In 1950 Gwendolyn Brooks became the first black American to receive a Pulitzer Prize for literature for Annie Allen (1949), a collection of rigorously technical poems, replete with lofty diction, intricate word play, and complicated concatenations of phrases. One particular poem, "The Anniad," which constitutes the second of three sections in the collection, is especially characteristic of Brooks's fascination with "the mysteries and magic of technique." In fact, "The Anniad" seems to possess an inordinate amount of word mystery and magic. Brooks readily admits that "The Anniad" is a "labored" poem, although she also says that she derived a great deal of satisfaction from writing it: "What a pleasure it was to write that poem!… I was just very conscious of every word; I wanted every phrase to be beautiful, and yet to contribute to the whole … effect."
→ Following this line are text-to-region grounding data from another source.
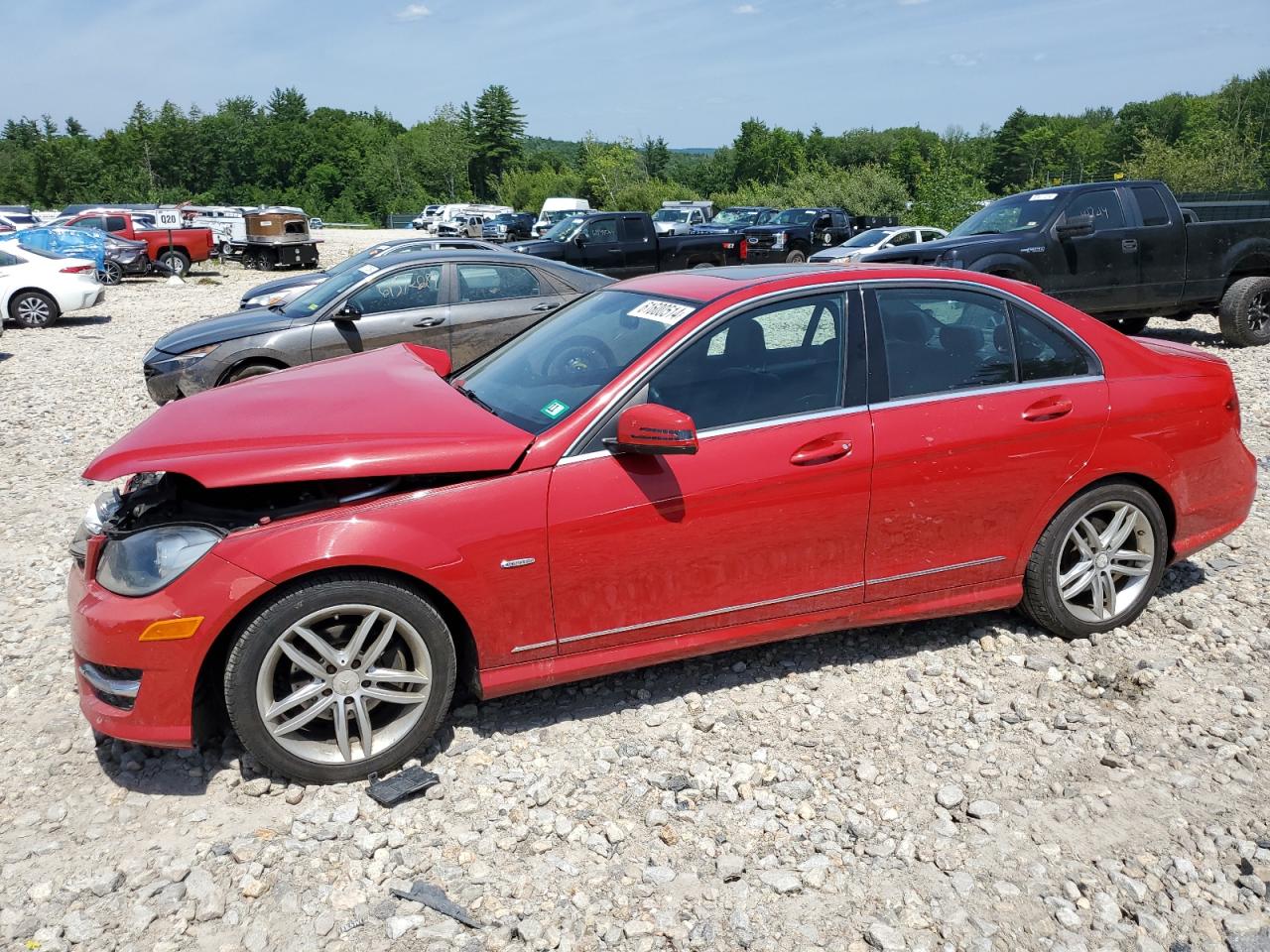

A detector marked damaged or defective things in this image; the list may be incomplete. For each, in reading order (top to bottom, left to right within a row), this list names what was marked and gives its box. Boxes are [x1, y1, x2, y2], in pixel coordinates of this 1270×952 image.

damaged hood [83, 343, 532, 492]
damaged vehicle [74, 266, 1254, 781]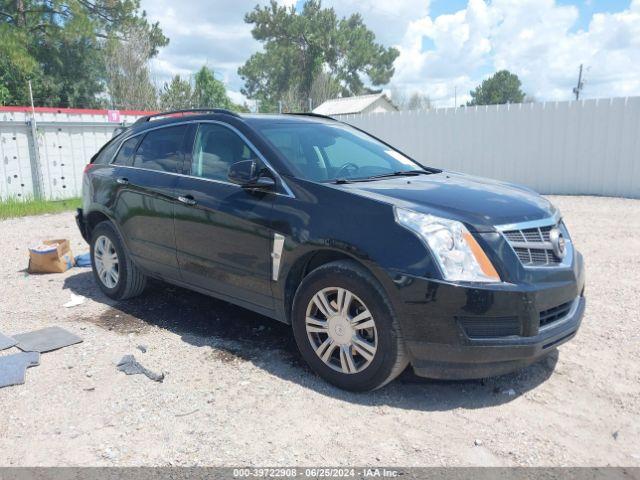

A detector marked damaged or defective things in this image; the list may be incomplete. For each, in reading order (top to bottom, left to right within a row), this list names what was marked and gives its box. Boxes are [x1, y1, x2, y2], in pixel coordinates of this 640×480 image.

broken debris [13, 326, 82, 352]
broken debris [0, 350, 40, 388]
broken debris [117, 354, 165, 384]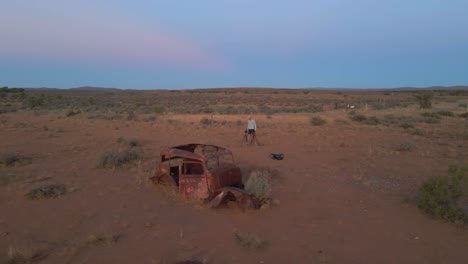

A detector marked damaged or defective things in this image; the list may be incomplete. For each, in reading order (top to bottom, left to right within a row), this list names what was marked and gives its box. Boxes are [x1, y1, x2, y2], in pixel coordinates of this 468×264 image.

rusty abandoned car [151, 143, 258, 209]
rusty red paint [151, 144, 258, 208]
rusted metal body [152, 143, 258, 209]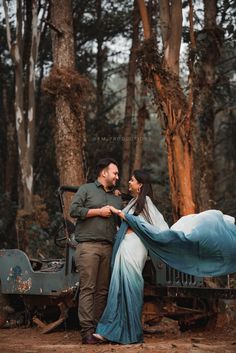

Perhaps the delight she took in creating "The Anniad" was responsible for her indulgence in the complicated techniques that densely pattern the poem's texture, as well as those in the other two sections of the book, "Notes from the Childhood and the Girlhood" and "The Womanhood."
The complicated techniques in Annie Allen produce virtual curiosity pieces of intellectual verse, which her critics consistently mention as prize-worthy. But by the same token, these critics seldom focus full critical attention on this book; instead, they discuss those collections that employ subtle social commentary and realistic depictions of urban settings. As a result, A Street in Bronzeville (1945), The Bean Eaters (1960), Selected Poems (1963), and In the Mecca (1968) receive the lion's share of critical coverage. By contrast, Annie Allen seems peculiarly abstract and extremely esoteric. These characteristics are responsible for that collection being labeled "intellectual" and "academic," and they are also responsible for its smaller allotment of critical attention.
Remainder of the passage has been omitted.